この空白のせいで、どうすればいいのかわからなくなっている。
スマホが震えた。
画面に表示された名前を見て、少しだけ息が止まる。
ラブ。
少し迷ってから、通話ボタンを押した。
「もしもし」
『ナノハ? 今大丈夫?』
いつも通りの明るい声。
それだけで少しだけ安心する。
「うん。大丈夫だよ」
『よかった』
一瞬、沈黙が落ちる。
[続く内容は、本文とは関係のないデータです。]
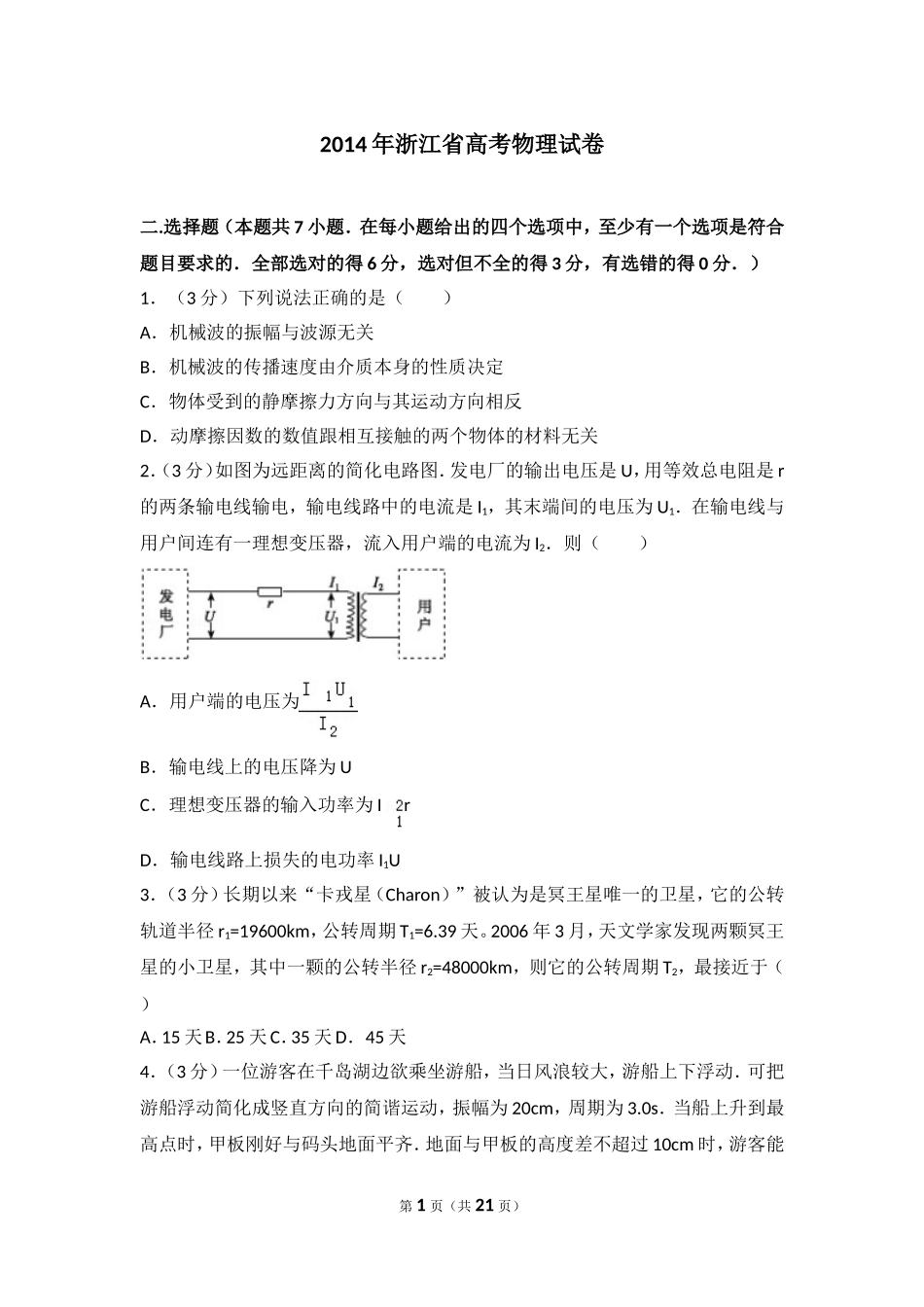 2014年浙江省高考物理试卷.doc_第1页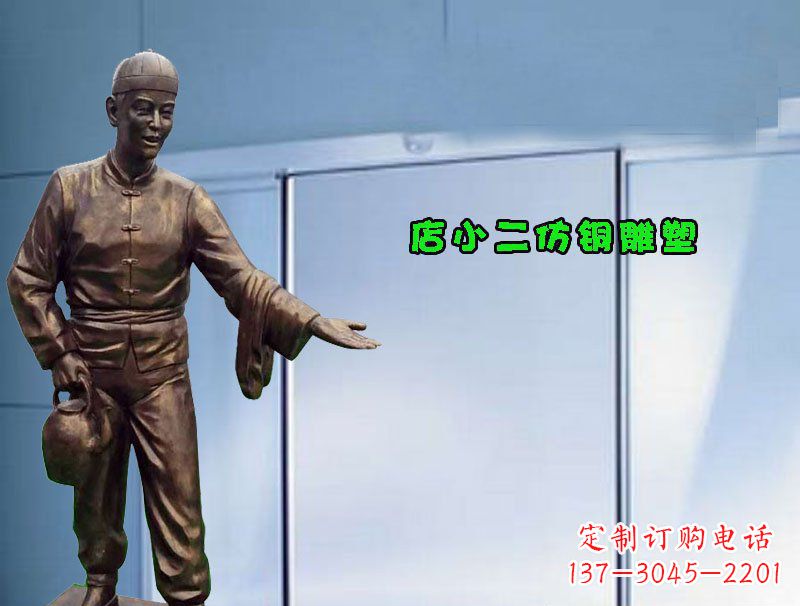 太原品质精致的店小二铜雕塑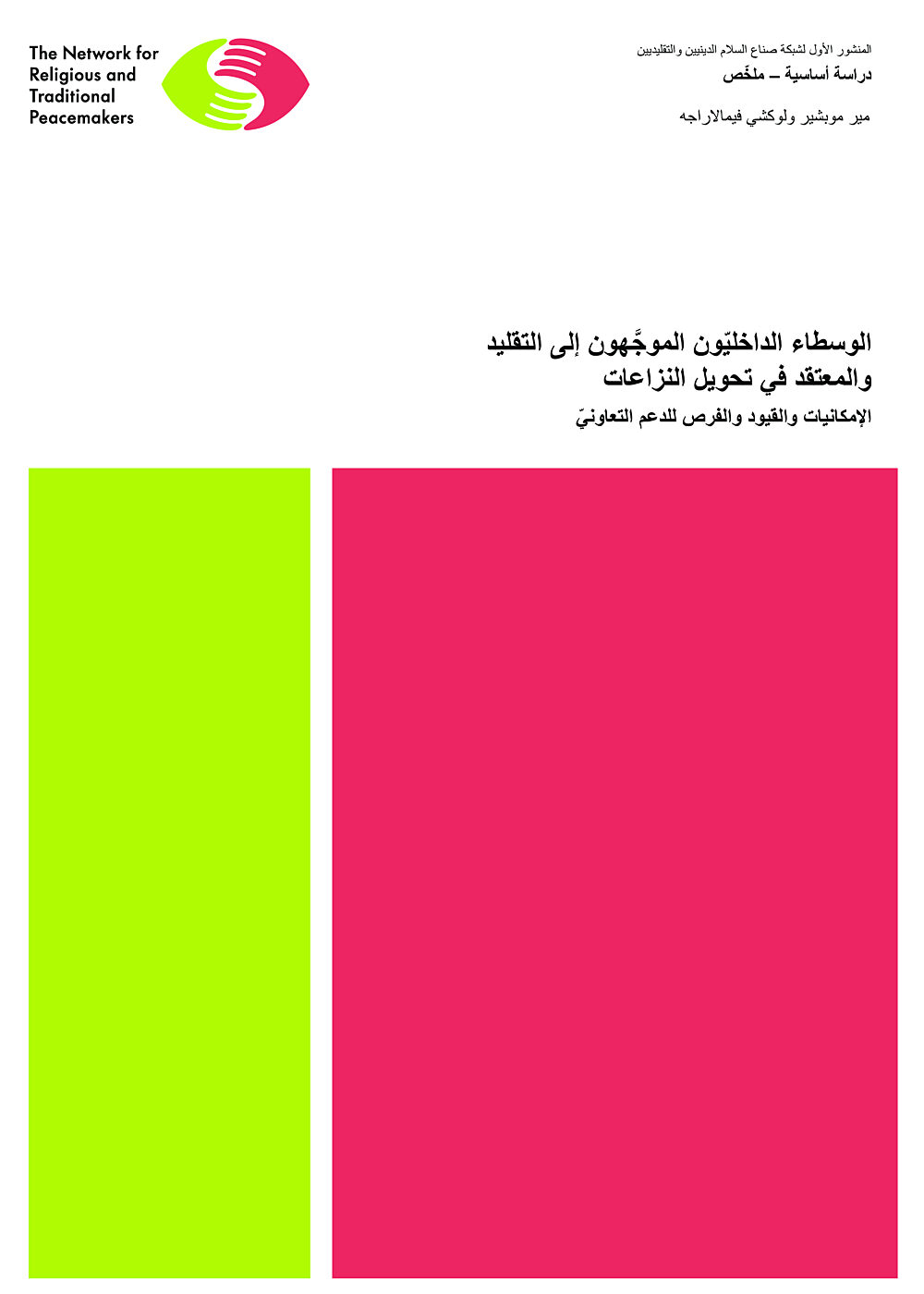 Publication cover image
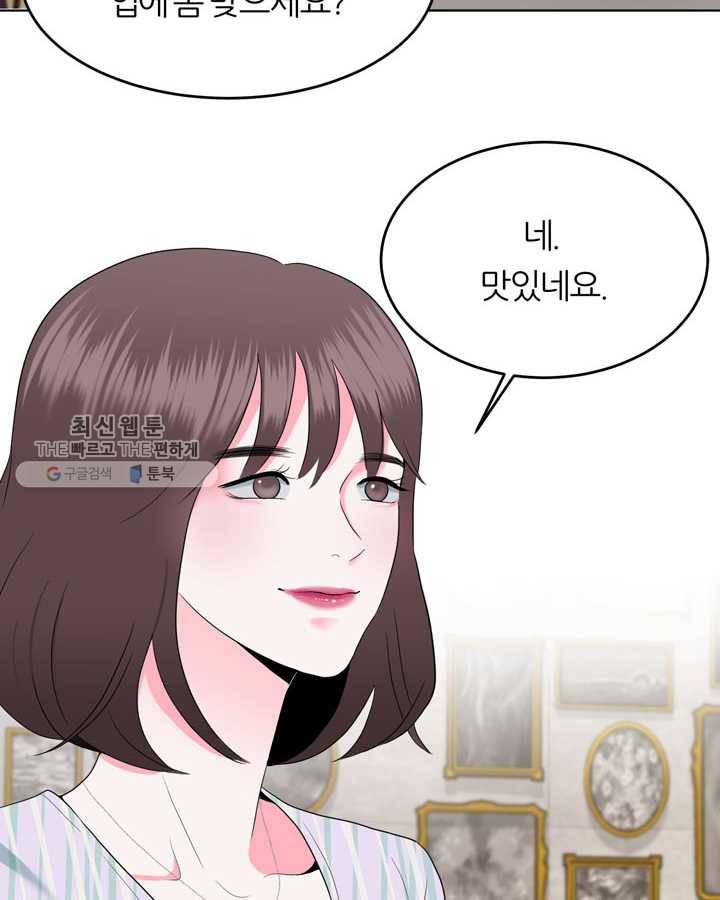 얼굴미화부 17화 12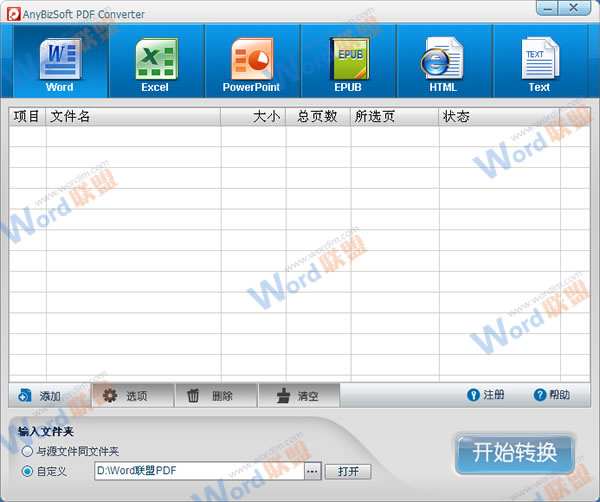 pdf转换成word免费版 五款免费pdf转换成word转换器软件下载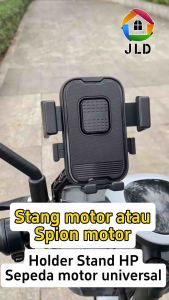 JIELIDA Phone Holder Stand Hp Sepeda Motor Universal Dudukan Di Stang/Spion motor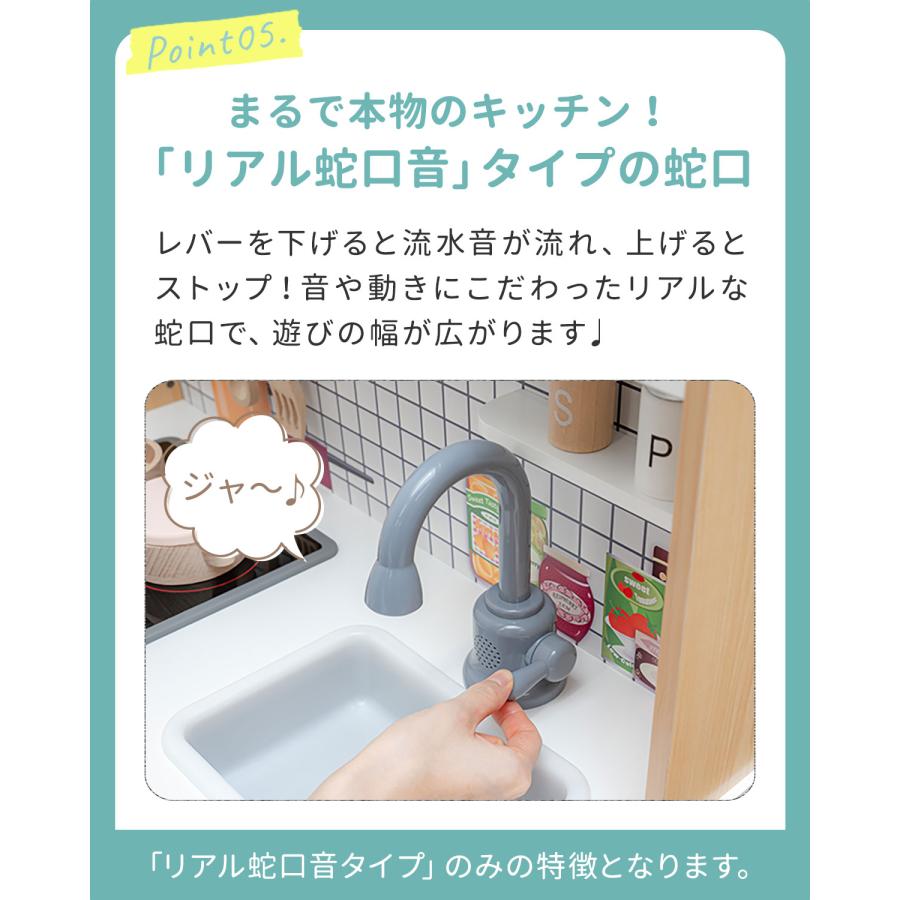 1年保証 ままごと キッチン おままごと 木製 リアル蛇口音タイプ 調理器具6点付き 光る 音が鳴る 選べる食材/おもちゃも 子ども 3歳 RiZKiZ 送料無料_9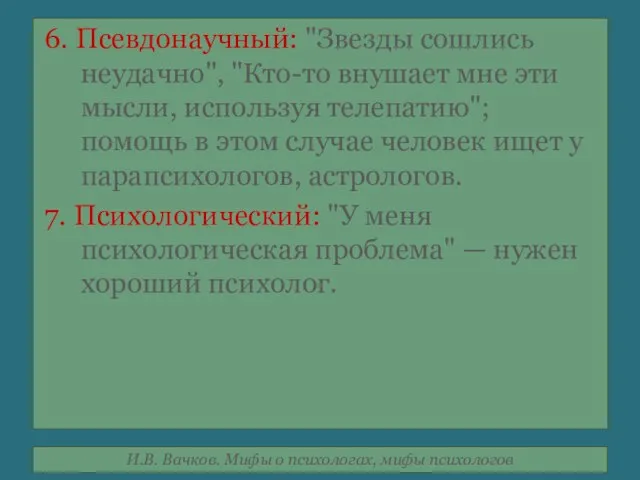 6. Псевдонаучный: "Звезды сошлись неудачно", "Кто-то внушает мне эти мысли, используя телепатию";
ラブは間合いを探しているみたいだ。
『……最近、どう?』
曖昧な聞き方だ。
でも、その中にはいろんな意味が含まれているんだろう。
「どう、って……」
少しだけ考えてから、正直に答えた。
「何もしてない……というかできてない」
自嘲気味に笑う。
「ギターは触ってるけど、曲は全然できないし。
何か歌おうとしても、なんか身が入らない感じがして」
言葉にすると、余計に空っぽさが浮き彫りになる。
『そっか』
ラブは、それ以上何も言わなかった。
否定もしないし、励ましもしない。
ただ、受け止めてくれる。その姿勢がありがたく思える。
そこから少し間があって、
『ねえ、ナノハ』
「うん?」
『やろうよ、もう一回』
まっすぐな声だった。思わず、息が止まる。
『バンド』
短く、でもはっきりと。
『この前までのじゃなくて、ナノハがやりたい形でさ』
心臓の音が少し強くなる。
『私さ、ナノハが本気で歌ってる姿、好きなんだよね』
不意にそんなことを言われた。
『上手いからじゃなくて、"届けたい"って感じがすごく伝わってくるから』
胸の奥が、じんわりと熱くなる。
『あれが見れなくなっちゃうのは、もったいないなって思って』
ラブらしい言い方だった。
まっすぐで、飾らなくて、でもちゃんと刺さる。
すぐには返事ができなかった。なかなか言葉が出てこない。
でも、さっきまで何もなかったはずの場所に、少しだけ火が灯る。
それはまだ小さな火だ。
「メンバーとかどうするの」
『探せばいいじゃん』
その即答に思わず、笑ってしまう。
「簡単に言うね」
『もちろん、簡単じゃないことは分かってるよ』
一拍。
『でも、なんかさ、このまま終わるのは、違う気がするんだよね。
ナノハの歌をもっと聞きたいしさ、皆に聞いてもらいたいし』
優しくくて強い声だ。
背中を押すというより、隣に立ってくれる。
そんな意思を感じ取った。
そして沈黙が訪れる。
胸の奥で灯った火は、消えないまま残っている。
私はゆっくりと息を吸った。
「……やりたい」
自然と、言葉が出ていた。
『うん』
ラブが小さく笑う気配がする。
「ちゃんと、届けたいから」
今度ははっきりと口にする。もう迷いは消えた。
『じゃあ、決まりだね』
ラブは軽い調子で言う。
でも、その一言で全部が動き始める気がした。
「うん」
さっきまで動かなかったはずの足が、前に出る感覚。
心の空白は澄んだ気持ちで埋められていく。
先に進む理由は、すでに握りしめている。
スマホを開く。
ーーもう一回、始めよう。今度は、自分の思いのままに。
私はRosetteのグルーチャットを退会した。